I love cooking! It goes without saying that I also love to eat good food. I love the adventure and even the romance associated with food. Dinner is the highlight of the day for many people because it brings everyone together. Every time I have a good meal I usually ask for the recipe. Over the years I have found that the best recipes are usually the simplest. You take a few good ingredients and mix them together to create a great meal. This makes cooking easy and simple, and doesn’t stress me out when I’m trying to make something new.

The same applies to success in business — simpler is usually better.

Since I’m always looking for good recipes, I have gathered quite a cookbook collection. I particularly like the ones that have step by step instructions with pictures. They’re simple to follow and usually have a really good culinary story with them, which makes them fun. The books I’ve kept usually have what I call “easy to make” recipes. 

The books that I usually don’t buy, or if I do I soon give away, are the ones that contain very complicated recipes with extensive steps for preparing the meal. They really stress me out. I look at the long list of ingredients and the large number of preparation steps and my mind just shuts down. I feel kind of defeated and lost because there is no way that I will have any fun making this complicated recipe, and my chances of success seem dismal at best. Not a nice feeling, so I avoid these recipes.

If you know me then you know that some of my favourite recipes come from Italian and Asian cuisines. I find many of their recipes extremely simple. They taste good, and they’re simple, and my success rate for preparing these types of meals has been pretty good. Rarely have they not worked out. Don’t get me wrong, I make lots of other cultural recipes as well, but I focus on Italian and Asian. Just make sure you have good ingredients to start with — the shorter list of ingredients in these simple recipes means you need to have the best quality to bring out the best flavour.

Just like the multitude of cookbooks out there, there’s tons of business articles and blogs in existence offering you the “secret to success.” You know, the type of articles that say “10, 25, or 101 Things You Need to Change/Do to Be Successful.” There are so many! I have read quite a few of them and they are constantly being posted on social media by many famous and intelligent people.

Many of these articles make great points, but as the list of 1,267 things I need to do to be successful keeps going, I begin to get the same feeling that I get when looking at those long, complicated recipes. “There is no way I am going to be able to do this well!” I think, and similar to those long recipes, I fear my chances of success are doomed to fail. Yet I continue to see these list type posts everywhere. Complicated intertwined lists. I guess you know where I am going with this. For me, these long complicated lists get put in the same place as those complex cookbooks I never use…

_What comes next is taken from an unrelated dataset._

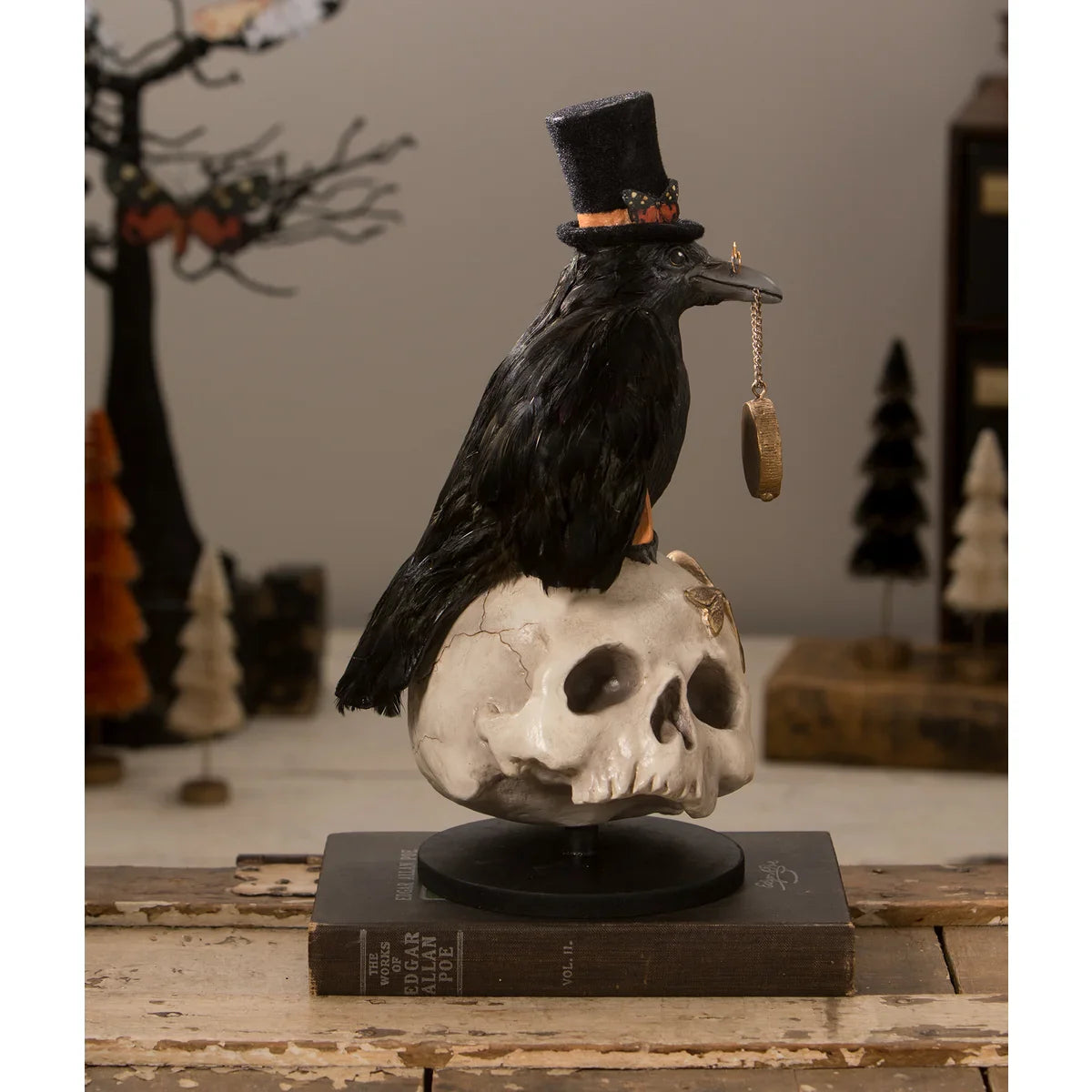 Midnight Crow On Skull by Bethany Lowe Designs-3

I don’t know about you, but I wholeheartedly try to make small changes every day to improve my business and professional life. I make myself a small “success recipe” everyday, with simple steps, and apply that to my work. The path to self-improvement in business is different for everyone but for me, I find it’s easier to concentrate and get things accomplished when I have a clear, simple plan in front of me, instead of 1,267 things to remember.  

Everyone has strengths and weaknesses that need to be worked on. We just need to go out and find that nice, short recipe for improvement to master, and apply that recipe on a daily basis. That’s what I have been doing and I may not be super great at it yet, but I know I can make this recipe work. A simple plan for business improvement will still have challenges, just like finding really good quality ingredients for a nice meal can be difficult. But with an easy to follow plan, there won’t be an overwhelming number of things to focus on, so success instantly seems probable, instead of unlikely. 

I don’t want this to sound too simple, but like my Italian friends say, “Good ingredients will always shine through in the simplest recipe to create a great meal.” Bon appetit!